You can actually have it for free download if you want.  That was the deal
when I got the donations needed to get it translated.  I just put it
through Lulu because *I* wanted a pretty book to put on my bookshelf, and
one to take to events to cook (surprisingly, printing it through Lulu was
cheaper and easier than through my local copy store).  Any profits made
from the printing of the book is being gifted to the West Coast Culinary
Symposium (SCA event) to help pay for keynote speakers’ travel costs.

Yes, it is a -translation- of the Radavansky transcription of the original
text.  The transcription came from a Hungarian website (link on my blog).
Oh, and Julia posted it below.


> Okay, the price didn't seem to be too bad, so I just ordered this.  I
> assume this will just be a translation. I hope I can figure out the
> recipes. I'm much more used to starting with a redaction and verifying that
> against the original recipe.


I didn’t want to do redactions in the book because I wanted people to do
their own—that said, the redactions I’ve done are on my blog as I come up
with them.  Octo-lutefisk is coming up ;). Glad to share my opinions if you
have questions, though.

Has anyone written a book review on this? I'd like to put that in the
> Florilegium.
> Stefan


If anyone -wants- to review it, that would be kind of cool.  It was
something of an amateur endeavor based on a crazy notion.

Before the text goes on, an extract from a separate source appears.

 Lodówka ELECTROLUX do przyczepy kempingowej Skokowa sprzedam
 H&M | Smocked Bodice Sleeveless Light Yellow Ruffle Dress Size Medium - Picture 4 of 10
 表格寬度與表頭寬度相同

> Date: Fri, 3 Aug 2018 06:54:36 +0000 (UTC)
> From: Volker Bach <carlton_bach at yahoo.de>
>
>  No, it's going to be a reproduction, I assume. There is no translation of
> de Rontzier on the market that I'm aware of (I'll pitch one? to Prospect,
> but it's not really? as good a source as? Weckerin or Rumpoldt).
>
> de Rontzier is a? kind of? Rumpoldt copycat, another encyclopaedic cookery
> book by a court chef (Braunschweig in this case IIRC), but the recipes are
> oftenm less detailed and written in a far less entertaining style. His
> repertoire is also more limited, despite the pretense of breadth. He is
> useful along Rumpoldt, especially since he? has? some rtecipes for? simple
> dishes and always includes several variants, but it's not your? first
> choice for Renaissance German.


Wait, wait, wait...what?  Are we talking about the same book?  I was under
the impression we didn’t know who the author of The Science of Cooking was,
when he wrote it, and that he was Transylvanian, not German.  He certainly
self-identifies as Transylvanian often enough in the book.    It -does-
have a chapter that was apparently lifted (allegedly as a tribute) from one
of Doctor (husband to Anna) Wecker’s books, which I find hilarious.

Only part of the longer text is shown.